MATERIAL PROVIDED =
☆ ☆ ☆ ☆ ☆

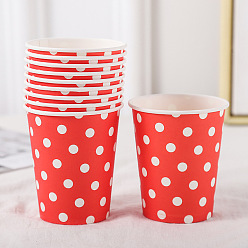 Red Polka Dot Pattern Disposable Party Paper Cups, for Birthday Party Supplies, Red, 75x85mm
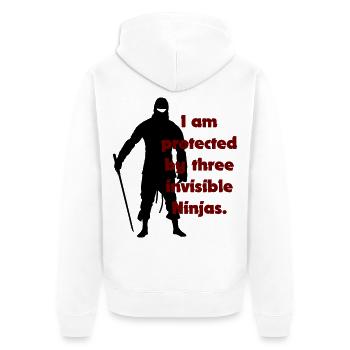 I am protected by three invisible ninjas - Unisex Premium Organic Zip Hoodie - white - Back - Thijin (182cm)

☆ ☆ ☆ ☆ ☆

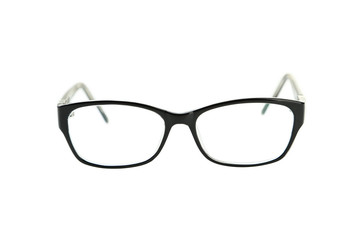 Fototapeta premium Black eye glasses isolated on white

☆ ☆ ☆ ☆ ☆

WHAT THE TASK REQUIRES = Look through the listing above for the line with "Red Polka Dot" and the line with "I am protected". Write out exactly those lines and everything between, leaving out pictures.

REPLY TO THE EXERCISE =
 Red Polka Dot Pattern Disposable Party Paper Cups, for Birthday Party Supplies, Red, 75x85mm
 I am protected by three invisible ninjas - Unisex Premium Organic Zip Hoodie - white - Back - Thijin (182cm)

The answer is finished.